(COLLECTED DATA Opens)
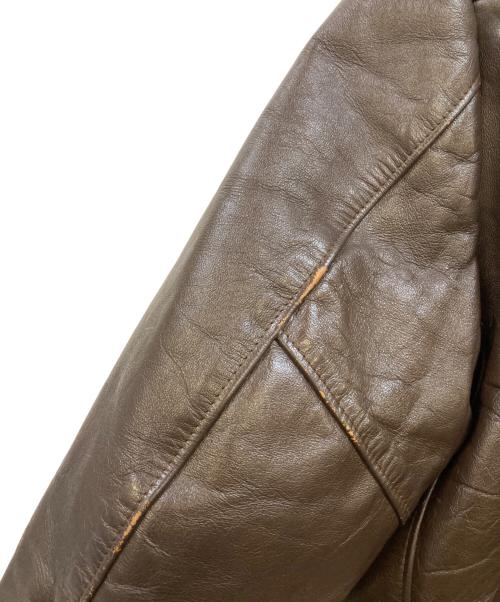 Sears（シアーズ）Sears (シアーズ) 80s フライトジャケット ブラウン サイズ:40の古着・服飾アイテム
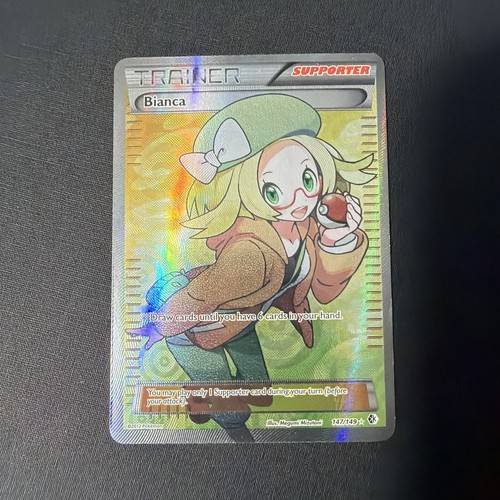 Bianca - 147/149 - Full Art Ultra Rare LP, English Pokemon Boundaries Crossed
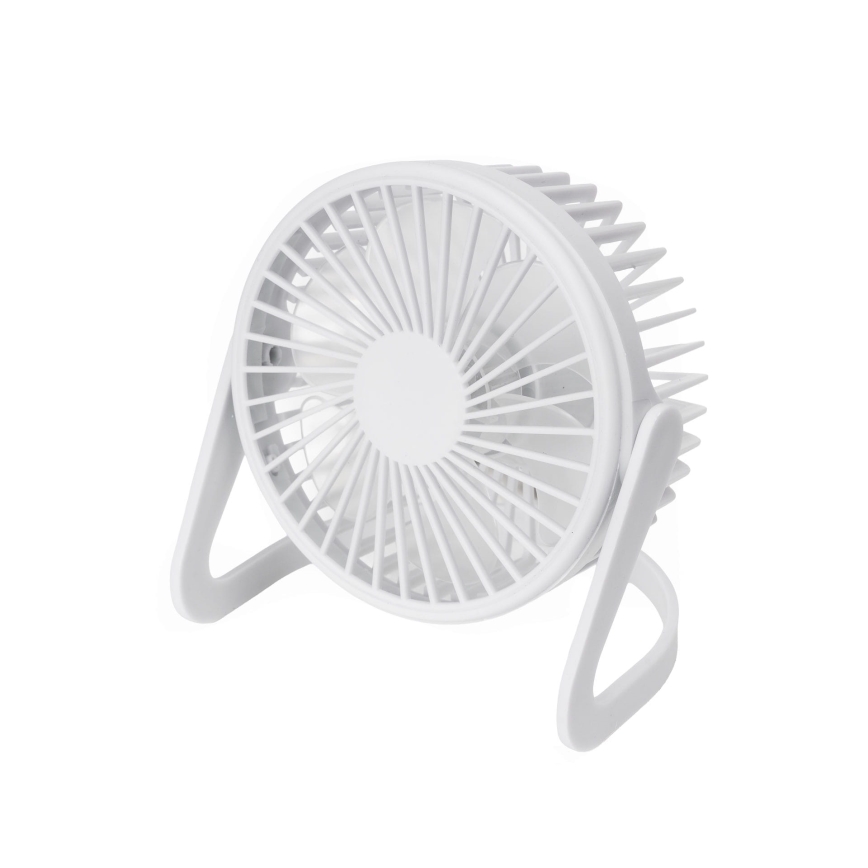 Tischventilator USB d 15 cm weiß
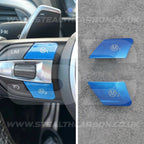 BMW Metallic Blue M1 & M2 Buttons Set for M2 M3 M4 M5 M6 X5M X6M F80 F82 F83 F87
(COLLECTED DATA Closes)
▸ **WHAT YOU WILL DO**:
Hand back the data exactly as it appears, with all pictures cut.

▸ **ANSWER AREA**:
 Sears（シアーズ）Sears (シアーズ) 80s フライトジャケット ブラウン サイズ:40の古着・服飾アイテム
 Bianca - 147/149 - Full Art Ultra Rare LP, English Pokemon Boundaries Crossed
 Tischventilator USB d 15 cm weiß
 BMW Metallic Blue M1 & M2 Buttons Set for M2 M3 M4 M5 M6 X5M X6M F80 F82 F83 F87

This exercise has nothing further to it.